Pillar 2: Tax Competition in Low-Income Countries and the SBIE
Abstract
The very notion of a globally agreed minimum level of tax on international corporate income must be viewed as an amazing breakthrough. Surely no knowledgeable observers a decade or more ago could have predicted this—nor that 100 countries beyond the OECD and G20 would be participating in the process, whatever its flaws. And if the economically globalized world does wish to continue to tax capital income—at least until there is a means of achieving this entirely at the level of individual owners—then some such agreement has been proven necessary.

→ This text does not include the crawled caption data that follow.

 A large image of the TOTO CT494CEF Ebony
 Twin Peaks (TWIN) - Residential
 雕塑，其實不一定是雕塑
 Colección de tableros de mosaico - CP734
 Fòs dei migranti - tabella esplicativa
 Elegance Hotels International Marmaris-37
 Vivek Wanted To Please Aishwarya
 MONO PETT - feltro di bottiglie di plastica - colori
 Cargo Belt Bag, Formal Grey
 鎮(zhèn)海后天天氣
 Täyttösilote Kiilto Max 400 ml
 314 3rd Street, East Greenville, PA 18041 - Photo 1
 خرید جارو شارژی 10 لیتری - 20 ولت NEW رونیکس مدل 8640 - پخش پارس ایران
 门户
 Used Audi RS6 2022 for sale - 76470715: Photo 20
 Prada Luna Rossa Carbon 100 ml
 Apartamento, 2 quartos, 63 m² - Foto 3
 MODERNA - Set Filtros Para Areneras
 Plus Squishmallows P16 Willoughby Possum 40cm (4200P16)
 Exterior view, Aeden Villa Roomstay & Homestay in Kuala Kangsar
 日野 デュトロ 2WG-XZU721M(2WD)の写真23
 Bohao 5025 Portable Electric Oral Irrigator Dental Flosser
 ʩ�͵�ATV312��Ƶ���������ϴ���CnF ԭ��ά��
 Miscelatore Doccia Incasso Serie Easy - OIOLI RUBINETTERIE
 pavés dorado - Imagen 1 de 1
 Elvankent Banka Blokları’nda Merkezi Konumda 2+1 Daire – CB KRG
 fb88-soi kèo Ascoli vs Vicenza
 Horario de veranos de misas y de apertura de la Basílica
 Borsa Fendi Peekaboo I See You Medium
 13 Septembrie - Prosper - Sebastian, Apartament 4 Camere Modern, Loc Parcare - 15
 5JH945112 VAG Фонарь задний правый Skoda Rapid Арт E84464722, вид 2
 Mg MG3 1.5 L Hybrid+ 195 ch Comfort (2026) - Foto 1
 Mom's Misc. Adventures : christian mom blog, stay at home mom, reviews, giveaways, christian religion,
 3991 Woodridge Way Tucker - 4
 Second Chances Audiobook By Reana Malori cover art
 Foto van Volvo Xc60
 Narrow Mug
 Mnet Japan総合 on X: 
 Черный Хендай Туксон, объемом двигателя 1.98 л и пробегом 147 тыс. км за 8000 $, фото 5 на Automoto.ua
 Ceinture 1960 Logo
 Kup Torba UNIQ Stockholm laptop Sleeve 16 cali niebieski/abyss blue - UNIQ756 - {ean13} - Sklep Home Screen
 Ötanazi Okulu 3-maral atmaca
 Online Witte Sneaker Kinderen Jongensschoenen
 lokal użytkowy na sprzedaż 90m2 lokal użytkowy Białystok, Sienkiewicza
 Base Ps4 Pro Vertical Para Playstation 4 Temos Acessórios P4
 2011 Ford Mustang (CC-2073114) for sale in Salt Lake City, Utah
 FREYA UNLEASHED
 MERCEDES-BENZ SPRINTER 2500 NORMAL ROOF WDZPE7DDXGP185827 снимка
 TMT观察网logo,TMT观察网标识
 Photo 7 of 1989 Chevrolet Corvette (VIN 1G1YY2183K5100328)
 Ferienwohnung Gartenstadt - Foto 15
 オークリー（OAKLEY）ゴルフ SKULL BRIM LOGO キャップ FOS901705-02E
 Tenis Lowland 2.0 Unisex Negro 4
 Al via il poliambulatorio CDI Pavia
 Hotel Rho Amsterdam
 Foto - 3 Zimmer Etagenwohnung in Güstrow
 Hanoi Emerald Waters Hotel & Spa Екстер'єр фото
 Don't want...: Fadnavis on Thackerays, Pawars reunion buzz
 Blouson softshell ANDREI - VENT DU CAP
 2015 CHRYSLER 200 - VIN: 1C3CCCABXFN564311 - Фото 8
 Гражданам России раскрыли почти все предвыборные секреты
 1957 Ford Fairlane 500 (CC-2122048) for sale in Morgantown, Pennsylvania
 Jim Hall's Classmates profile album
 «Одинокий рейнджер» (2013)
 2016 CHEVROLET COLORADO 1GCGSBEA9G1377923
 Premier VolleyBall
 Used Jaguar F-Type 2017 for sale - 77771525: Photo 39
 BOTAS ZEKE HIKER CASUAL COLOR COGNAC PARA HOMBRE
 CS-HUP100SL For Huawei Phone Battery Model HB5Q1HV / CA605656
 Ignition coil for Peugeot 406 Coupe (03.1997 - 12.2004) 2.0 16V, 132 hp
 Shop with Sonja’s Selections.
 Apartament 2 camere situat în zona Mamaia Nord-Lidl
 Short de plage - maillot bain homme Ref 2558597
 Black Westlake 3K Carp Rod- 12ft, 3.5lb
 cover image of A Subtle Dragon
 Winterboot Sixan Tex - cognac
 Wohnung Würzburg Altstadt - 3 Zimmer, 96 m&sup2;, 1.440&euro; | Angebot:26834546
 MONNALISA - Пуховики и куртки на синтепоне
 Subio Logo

The incentives of MNEs to minimize their taxes, of individual small jurisdictions to establish business models based upon facilitating that minimization, and—it must be said—of the major advanced economies to create a system that permits this, are simply too strong to overcome without some mutually coercive mechanism.
Pillar 2 of the OECD’s global tax reform proposal will have significant direct and indirect impacts for low income developing countries (LICs), although the two Pillars were not instigated by nor largely designed around LICs. Most interesting and problematic is the question as to how the Global Anti-Base Erosion (GloBE) rules for a proposed global minimum effective tax will affect tax competition behavior in LICs, and how LICs should respond when a critical mass of higher income economies adopt the new structure—as now appears likely. This paper addresses that issue.